EXTRACTED RECORDS
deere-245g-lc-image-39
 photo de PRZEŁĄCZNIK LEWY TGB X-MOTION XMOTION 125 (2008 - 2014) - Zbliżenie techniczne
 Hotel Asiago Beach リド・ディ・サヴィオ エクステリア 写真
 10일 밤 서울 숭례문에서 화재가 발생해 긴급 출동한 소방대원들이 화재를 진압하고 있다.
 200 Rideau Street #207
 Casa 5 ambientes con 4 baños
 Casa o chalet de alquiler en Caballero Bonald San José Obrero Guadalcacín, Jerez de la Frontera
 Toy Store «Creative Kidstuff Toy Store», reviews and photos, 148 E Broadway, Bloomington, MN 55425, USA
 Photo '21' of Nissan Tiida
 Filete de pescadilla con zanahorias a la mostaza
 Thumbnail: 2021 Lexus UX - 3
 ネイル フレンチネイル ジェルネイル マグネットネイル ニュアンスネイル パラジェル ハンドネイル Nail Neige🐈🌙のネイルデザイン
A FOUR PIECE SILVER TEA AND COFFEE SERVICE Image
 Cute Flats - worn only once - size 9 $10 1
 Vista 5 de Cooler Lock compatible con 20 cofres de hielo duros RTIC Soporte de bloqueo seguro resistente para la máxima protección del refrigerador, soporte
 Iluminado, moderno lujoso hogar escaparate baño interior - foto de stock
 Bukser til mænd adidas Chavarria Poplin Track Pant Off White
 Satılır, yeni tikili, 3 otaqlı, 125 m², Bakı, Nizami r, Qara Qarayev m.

YOUR OBJECTIVE
From the records above, reproduce exactly the lines from the one with "Casa o chalet" to the one with "A FOUR PIECE", both included, and no others.

EXPECTED OUTPUT
 Casa o chalet de alquiler en Caballero Bonald San José Obrero Guadalcacín, Jerez de la Frontera
 Toy Store «Creative Kidstuff Toy Store», reviews and photos, 148 E Broadway, Bloomington, MN 55425, USA
 Photo '21' of Nissan Tiida
 Filete de pescadilla con zanahorias a la mostaza
 Thumbnail: 2021 Lexus UX - 3
 ネイル フレンチネイル ジェルネイル マグネットネイル ニュアンスネイル パラジェル ハンドネイル Nail Neige🐈🌙のネイルデザイン
A FOUR PIECE SILVER TEA AND COFFEE SERVICE Image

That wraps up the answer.